I kept silent while the EZjet story unfolded on one wing and some questionable representations. Now, the Guyanese public is once again victimized and taken for a ride by what appears to be another centipede-by-night operation. How many times will Guyanese travellers be held hostage by patently ramshackle entities? How many times will the government allow its friends to gouge citizens? Yeah, how many more times will these farces be allowed to disinter themselves and come again with new names and new schemes?
Whatever its name, and whomever its principals, the one plane operation has failed the paying public here on every occasion. This includes the state owned GAC from yesteryear. The facts support that some of these arrangements (and that’s what they are) are nothing but cover for a more lucrative transportation undertakings and as fronts seeking outlets. No one should need any enlightenment on this score. But that is another story for another day.

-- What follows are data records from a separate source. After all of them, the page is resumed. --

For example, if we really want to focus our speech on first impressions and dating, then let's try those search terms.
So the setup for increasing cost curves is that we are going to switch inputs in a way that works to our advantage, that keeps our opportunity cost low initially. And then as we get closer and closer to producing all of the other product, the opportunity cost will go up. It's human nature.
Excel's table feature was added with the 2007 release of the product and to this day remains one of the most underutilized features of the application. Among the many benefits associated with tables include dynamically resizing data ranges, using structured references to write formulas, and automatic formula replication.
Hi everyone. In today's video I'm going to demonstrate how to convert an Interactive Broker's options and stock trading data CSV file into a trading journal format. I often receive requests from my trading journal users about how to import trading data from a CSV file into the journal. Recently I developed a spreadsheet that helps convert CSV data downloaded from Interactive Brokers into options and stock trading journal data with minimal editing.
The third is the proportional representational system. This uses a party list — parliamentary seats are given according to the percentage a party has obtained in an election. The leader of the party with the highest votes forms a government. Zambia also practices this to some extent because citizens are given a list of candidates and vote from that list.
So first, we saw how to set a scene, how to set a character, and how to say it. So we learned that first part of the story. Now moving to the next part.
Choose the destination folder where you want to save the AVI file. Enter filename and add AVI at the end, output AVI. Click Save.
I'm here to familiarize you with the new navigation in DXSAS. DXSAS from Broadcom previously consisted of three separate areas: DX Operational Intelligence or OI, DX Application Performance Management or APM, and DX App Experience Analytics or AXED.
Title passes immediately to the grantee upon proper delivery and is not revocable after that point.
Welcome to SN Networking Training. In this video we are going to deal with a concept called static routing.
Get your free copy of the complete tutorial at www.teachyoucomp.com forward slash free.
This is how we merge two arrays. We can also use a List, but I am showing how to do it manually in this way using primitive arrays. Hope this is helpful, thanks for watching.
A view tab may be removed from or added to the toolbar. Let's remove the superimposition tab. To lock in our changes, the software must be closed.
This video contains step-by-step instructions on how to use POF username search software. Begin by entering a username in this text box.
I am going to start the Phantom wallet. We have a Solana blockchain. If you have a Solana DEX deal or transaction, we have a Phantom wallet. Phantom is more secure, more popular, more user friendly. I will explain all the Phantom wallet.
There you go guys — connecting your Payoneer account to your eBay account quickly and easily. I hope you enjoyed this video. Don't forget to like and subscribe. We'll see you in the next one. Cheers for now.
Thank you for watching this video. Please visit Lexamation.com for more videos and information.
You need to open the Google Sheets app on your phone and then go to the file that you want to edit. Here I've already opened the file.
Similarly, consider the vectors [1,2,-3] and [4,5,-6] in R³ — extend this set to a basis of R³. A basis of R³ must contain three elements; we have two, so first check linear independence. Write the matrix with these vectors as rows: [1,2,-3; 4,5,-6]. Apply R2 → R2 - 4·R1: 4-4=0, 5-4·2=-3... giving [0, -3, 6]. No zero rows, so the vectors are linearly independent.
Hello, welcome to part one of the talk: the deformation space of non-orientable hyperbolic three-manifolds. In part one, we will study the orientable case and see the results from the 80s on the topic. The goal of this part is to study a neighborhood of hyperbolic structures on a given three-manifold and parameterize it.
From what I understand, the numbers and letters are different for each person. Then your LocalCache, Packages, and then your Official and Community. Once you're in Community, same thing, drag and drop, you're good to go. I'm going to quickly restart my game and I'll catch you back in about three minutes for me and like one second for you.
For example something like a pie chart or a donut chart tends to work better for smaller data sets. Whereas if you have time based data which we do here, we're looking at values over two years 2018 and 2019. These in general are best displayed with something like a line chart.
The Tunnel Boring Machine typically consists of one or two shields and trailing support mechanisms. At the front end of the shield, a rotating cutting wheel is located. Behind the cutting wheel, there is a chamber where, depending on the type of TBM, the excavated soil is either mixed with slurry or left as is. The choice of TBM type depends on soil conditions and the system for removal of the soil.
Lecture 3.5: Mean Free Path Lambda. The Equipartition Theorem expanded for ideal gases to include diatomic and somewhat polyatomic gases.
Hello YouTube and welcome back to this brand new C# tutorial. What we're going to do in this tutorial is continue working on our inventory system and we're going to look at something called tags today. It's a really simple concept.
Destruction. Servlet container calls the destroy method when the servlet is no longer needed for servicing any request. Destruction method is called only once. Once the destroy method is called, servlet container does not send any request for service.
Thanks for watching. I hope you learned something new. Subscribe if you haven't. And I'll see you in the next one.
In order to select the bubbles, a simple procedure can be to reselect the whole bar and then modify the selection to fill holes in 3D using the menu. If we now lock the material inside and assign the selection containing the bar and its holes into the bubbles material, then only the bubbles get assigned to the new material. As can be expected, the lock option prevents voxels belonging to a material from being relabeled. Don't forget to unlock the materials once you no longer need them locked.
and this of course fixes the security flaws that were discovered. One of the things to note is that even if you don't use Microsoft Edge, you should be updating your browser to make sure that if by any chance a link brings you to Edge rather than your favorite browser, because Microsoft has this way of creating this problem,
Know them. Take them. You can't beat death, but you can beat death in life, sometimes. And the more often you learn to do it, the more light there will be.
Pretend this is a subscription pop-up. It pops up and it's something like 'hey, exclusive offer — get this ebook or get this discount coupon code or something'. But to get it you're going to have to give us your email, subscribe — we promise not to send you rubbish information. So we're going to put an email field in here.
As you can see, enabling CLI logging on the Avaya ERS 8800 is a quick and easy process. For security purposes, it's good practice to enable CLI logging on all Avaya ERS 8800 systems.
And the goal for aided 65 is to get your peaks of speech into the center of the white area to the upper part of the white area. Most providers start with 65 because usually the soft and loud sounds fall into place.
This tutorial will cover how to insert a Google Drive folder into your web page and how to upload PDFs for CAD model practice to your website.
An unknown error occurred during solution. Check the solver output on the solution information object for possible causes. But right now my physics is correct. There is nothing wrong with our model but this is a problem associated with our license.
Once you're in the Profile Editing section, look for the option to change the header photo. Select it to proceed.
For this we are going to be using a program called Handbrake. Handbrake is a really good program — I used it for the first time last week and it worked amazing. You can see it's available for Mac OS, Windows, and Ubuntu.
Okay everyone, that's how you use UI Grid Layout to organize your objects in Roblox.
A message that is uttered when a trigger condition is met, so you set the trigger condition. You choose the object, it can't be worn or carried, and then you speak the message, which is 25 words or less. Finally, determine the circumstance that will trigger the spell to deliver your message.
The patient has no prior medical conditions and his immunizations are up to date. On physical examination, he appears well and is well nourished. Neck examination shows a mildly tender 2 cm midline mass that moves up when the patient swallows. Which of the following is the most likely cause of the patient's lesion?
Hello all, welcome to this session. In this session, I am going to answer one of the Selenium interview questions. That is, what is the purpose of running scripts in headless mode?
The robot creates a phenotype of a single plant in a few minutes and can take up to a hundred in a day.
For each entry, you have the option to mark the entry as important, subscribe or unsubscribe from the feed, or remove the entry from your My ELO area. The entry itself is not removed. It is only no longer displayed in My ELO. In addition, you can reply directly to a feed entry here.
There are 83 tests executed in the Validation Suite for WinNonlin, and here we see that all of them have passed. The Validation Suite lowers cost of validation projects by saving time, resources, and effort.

Today, I ask the government to do more to protect citizens by implementing real and serious due diligence on others who will appear when the turbulence from this latest fiasco subsides. It has done well with surety bonds and the like, which have proved to be helpful to the stranded and the suddenly out-of-pocket. I suggest more extensive details and public disclosure of principals; all of them who come out of nowhere to run a plane from New York to Georgetown. Some form of compressed prospectus should be made available for public scrutiny, as to the identity of investors along with abbreviated biographies. It is time to let the public know the hands in which they put their money. And their lives, too.
In addition, let there be no more of this absurdity of men progressing from involvement in restaurant and cake-shop equivalents to the demanding task of running an airline. There has to be a stop to the parade of front men and cronies. They are ludicrous on the face of things and worse yet when in action. I venture that if the unconnected were to signal a wish to run an airline in Guyana, they would be passed through mill and gauntlet several times, and then one more time for good measure. I believe that they would encounter every form of political and bureaucratic inquisition known to man. All that is asked is that the same stringent standards be applied to friends and fellow travellers.
Perhaps in this way, the Guyanese public can be saved from itself. And front men be pointed in other directions. May I suggest hydropower?